The automotive services sector employs over 140 million employees (Bureau of Labor Statistics) that would be adversely affected by a slow-down or failure. Starting with a slow-down many suppliers would be forced out of business. Scratch some automotive service sector jobs.
For example when I was a commercial lender for a Detroit area bank, some of our largest customers, besides the "Big Three" were automotive suppliers. It was good business because the GM mantra was "string out your payables and collect your receivables" you know B-school cash management principles. The suppliers would come to us and we would extend working capital loans to tide them through until they were paid. With a dramatically reduced level of production there would be no need for as many lenders tending to the ever shrinking supplier base. There won't be the payday rush to cash checks and make house, car, boat etc. payments. Scratch some banking sector jobs on top of those being eliminated even as you read this blog.
There won't be as many units for sale (if any) so scratch dealerships and those jobs. There won't be as many employees going to work and stopping at the neighborhood diner in the morning, at lunch or stopping to get that wind-down beer or cocktail after work. Scratch some hospitality secror jobs.
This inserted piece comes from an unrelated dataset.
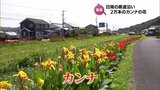 500ｍに約2万本　カンナの花が日南市の県道沿いで見ごろに　|　MRTニュース ｜ ＭＲＴ宮崎放送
There won't be as many employees needing uniforms, or suits to go to work. Scratch some clothing sector jobs. Conference centers, hotels, entertainment...the list goes on for those that will be affected by a failure. Certainly everyone in the various sectors won't lose their job but many will. And the impact is not limited to the Midwest. The GM tentacles extend to all corners of the North American continent.
The full effect of a failure can't be fully realized until it happens. But consumer confidence, the driving force of the American economy, is waining in the face of Senate resistance and sales projections are already affecting production plans.
What does this mean for real estate? I really don't think I have to explain but in the end there will be fewer of us because there will be fewer buyers and sellers when all the numbers are added up.
In the face of the "blank check" written to bailout Wall Street, can America afford not to help the automotive sector?
Last Monday (12-1-2008) the National Bureau of Economic Research (NBER) after their Business Cycle Dating Committee meeting November 28th announced that the country is "officially" in recession...as of December 2007. As defined by the NBER:
"A recession is a significant decline in economic activity spread across the economy, lasting more than a few months, normally visible in production, employment, real income and other indicators. A recession begins when the economy reaches a peak of activity and ends when the economy reaches its trough."
The committee said that they would have made the declaration earlier but the economy experienced some gains in first and second quarter 2008. What do you know; this pesky economy just won't go quietly!
But we didn't need to hear it from the experts, did we. As a Realtor I've known for quite some time, well at least before December, 2007 that something was wrong. The buying and selling public was frustrated. Sellers for not being able to get out whole and buyers continuing to wait until the prices bottomed out. Lay-offs, business closings, rising unemployment and escalating foreclosures. The public knew, you knew...as Seinfield would say "What's up with that?".
The NBER has been doing Business Cycle dating since 1929 when they published their first report. The reports come with a Q&A section as well. Wanna know how bad it is; one of the questions asked if the committee identified depressions as well. They don't. Before you ask they don't do projections either, or at least they don't publish them.
While the report might do well to promote academic discourse, the general public should view it like being told your car just went off a cliff as you're being pulled out of the burning wreckage.